=== Begin Enclosure ===
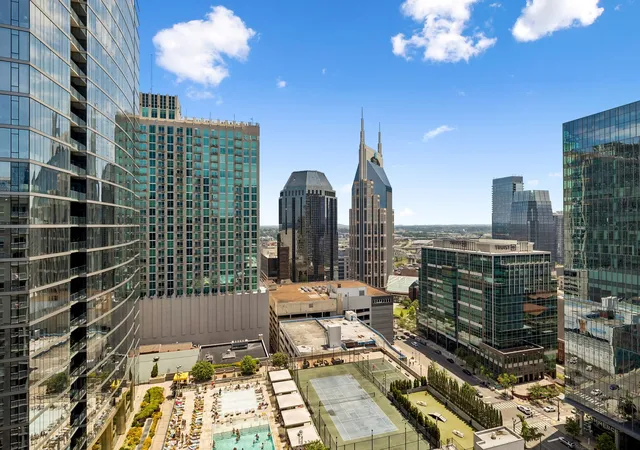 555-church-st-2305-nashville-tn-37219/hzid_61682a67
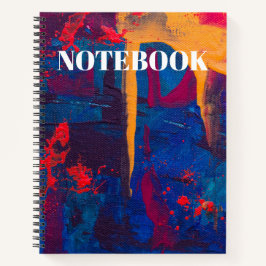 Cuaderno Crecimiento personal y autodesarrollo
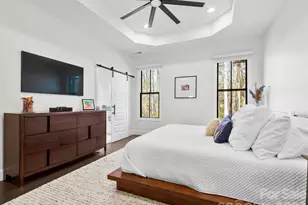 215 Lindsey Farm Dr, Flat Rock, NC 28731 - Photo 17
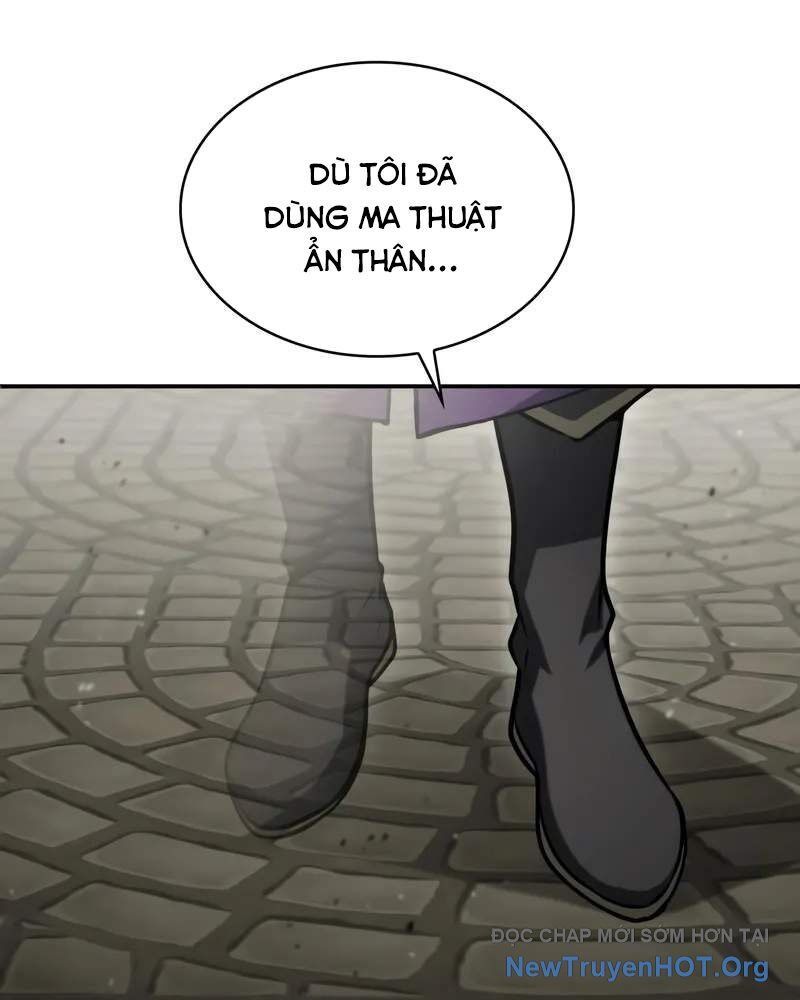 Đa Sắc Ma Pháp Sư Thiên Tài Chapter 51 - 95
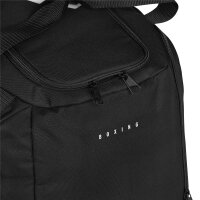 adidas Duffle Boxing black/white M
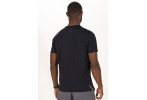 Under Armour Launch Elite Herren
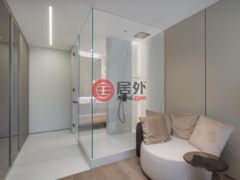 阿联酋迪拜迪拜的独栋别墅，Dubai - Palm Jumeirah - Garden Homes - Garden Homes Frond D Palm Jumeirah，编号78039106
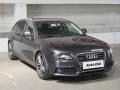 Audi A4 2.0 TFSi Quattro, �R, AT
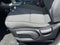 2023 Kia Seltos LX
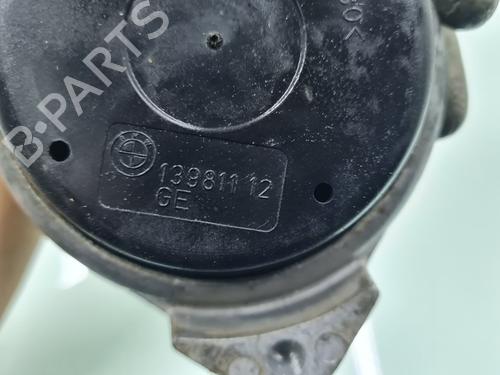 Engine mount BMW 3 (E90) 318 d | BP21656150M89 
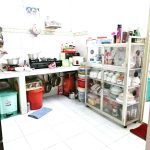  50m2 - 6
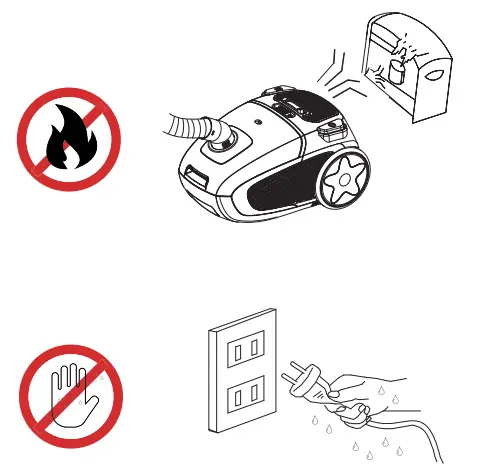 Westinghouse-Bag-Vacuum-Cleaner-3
=== End Enclosure ===
**Your objective:** Each line of the data is to be duplicated exactly; pictures stay out of the copy.

**Expected answer:**
 555-church-st-2305-nashville-tn-37219/hzid_61682a67
 Cuaderno Crecimiento personal y autodesarrollo
 215 Lindsey Farm Dr, Flat Rock, NC 28731 - Photo 17
 Đa Sắc Ma Pháp Sư Thiên Tài Chapter 51 - 95
 adidas Duffle Boxing black/white M
 Under Armour Launch Elite Herren
 阿联酋迪拜迪拜的独栋别墅，Dubai - Palm Jumeirah - Garden Homes - Garden Homes Frond D Palm Jumeirah，编号78039106
 Audi A4 2.0 TFSi Quattro, �R, AT
 2023 Kia Seltos LX
 Engine mount BMW 3 (E90) 318 d | BP21656150M89 
  50m2 - 6
 Westinghouse-Bag-Vacuum-Cleaner-3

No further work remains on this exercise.